When governments raise revenue by printing notes and bills they increase the amount of money available in the economy. Through a change in real money balances this causes inflation. Financing expenditure in this way is called seignorage and the effect of increasing the money supply and causing the holders of money to pay an inflation tax is the most obvious cost of inflation.
If the annual inflation rate in the United States is 5%, one dollar will buy $1 worth of goods and services this year, but only $0.95 the next year; this has the same effect as a 5% annual tax on cash holdings.
Governments are almost always net debtors (that is, most of the time a government owes more money than others owe to it). Inflation reduces the relative value of previous borrowing, and at the same time it increases the amount of revenue from taxes. Thus it follows that a government can improve the debt-to-revenue ratio by employing inflationary measures.
However, as the saying goes, there is no such thing as a free lunch.
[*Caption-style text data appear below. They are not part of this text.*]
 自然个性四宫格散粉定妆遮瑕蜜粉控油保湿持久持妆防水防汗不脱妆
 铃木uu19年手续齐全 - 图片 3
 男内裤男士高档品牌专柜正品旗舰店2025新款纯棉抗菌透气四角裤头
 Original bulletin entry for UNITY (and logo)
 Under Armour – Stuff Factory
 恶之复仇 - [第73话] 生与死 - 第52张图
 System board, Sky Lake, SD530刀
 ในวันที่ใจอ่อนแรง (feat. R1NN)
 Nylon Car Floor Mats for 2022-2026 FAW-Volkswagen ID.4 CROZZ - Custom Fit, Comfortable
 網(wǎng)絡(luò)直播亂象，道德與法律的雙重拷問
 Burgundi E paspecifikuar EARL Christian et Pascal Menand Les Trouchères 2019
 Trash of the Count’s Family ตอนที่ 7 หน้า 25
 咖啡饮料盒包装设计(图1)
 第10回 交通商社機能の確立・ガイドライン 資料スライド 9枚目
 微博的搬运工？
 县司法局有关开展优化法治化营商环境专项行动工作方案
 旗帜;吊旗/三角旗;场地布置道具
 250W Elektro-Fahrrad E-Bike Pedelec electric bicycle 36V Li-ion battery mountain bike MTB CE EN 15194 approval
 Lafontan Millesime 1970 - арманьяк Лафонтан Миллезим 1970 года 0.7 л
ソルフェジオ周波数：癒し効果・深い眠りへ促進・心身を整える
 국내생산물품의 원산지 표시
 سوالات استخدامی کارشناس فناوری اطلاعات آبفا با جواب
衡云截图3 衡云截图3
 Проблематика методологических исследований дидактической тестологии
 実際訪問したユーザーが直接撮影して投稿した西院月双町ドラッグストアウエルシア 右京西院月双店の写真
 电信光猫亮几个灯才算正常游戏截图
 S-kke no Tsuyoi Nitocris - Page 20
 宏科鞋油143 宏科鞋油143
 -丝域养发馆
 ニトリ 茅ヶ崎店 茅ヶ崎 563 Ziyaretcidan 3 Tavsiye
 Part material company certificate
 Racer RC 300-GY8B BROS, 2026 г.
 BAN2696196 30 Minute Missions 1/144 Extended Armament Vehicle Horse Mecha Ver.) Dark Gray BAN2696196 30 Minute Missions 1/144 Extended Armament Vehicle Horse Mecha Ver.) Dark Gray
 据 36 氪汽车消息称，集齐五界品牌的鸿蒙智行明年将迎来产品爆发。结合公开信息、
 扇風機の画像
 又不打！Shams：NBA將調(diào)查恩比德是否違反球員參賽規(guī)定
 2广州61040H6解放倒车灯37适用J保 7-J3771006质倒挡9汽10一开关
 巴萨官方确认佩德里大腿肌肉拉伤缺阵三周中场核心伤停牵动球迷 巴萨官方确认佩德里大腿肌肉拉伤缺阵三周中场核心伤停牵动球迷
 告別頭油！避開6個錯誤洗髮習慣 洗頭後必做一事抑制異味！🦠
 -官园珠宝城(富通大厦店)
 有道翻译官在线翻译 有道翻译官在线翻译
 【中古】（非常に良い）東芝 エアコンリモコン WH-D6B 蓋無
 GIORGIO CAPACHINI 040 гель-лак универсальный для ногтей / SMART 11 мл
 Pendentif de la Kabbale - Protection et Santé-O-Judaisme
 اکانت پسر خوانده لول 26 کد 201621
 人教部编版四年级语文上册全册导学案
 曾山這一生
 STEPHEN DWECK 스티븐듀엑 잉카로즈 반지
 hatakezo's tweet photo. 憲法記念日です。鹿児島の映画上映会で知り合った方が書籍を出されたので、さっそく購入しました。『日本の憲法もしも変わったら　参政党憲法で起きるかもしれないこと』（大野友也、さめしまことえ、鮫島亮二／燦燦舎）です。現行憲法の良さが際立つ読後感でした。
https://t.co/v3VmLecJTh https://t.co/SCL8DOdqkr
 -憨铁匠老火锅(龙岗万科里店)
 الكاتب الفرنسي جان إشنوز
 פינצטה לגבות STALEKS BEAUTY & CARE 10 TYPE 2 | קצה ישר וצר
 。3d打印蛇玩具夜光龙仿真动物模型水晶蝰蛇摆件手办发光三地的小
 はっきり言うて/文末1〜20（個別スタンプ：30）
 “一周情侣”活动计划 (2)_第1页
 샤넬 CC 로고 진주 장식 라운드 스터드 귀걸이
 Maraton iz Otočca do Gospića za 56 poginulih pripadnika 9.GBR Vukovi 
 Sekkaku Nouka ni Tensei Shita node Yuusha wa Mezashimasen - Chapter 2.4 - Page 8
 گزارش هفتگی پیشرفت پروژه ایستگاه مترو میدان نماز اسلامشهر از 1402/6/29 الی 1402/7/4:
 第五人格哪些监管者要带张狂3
If the government continues to sell debt, by borrowing money in exchange of debt papers, these debt papers will be affected by inflation: they will lose their value, and therefore they will become less attractive for creditors, until the government will not find any willing to buy debt.
An inflation tax does not necessarily involve debt emission. By simply emitting currency (cash), a government will induce liquidity and may trigger inflationary pressures. Taxes on consumer spending and income will then collect the extra cash from the citizens. Inflation, however, tends to cause social problems (e. g., when income increases more slowly than prices).
I'm going to need to do mroe reading on inflation tax before I feel comfortable in really responding.
Jordan .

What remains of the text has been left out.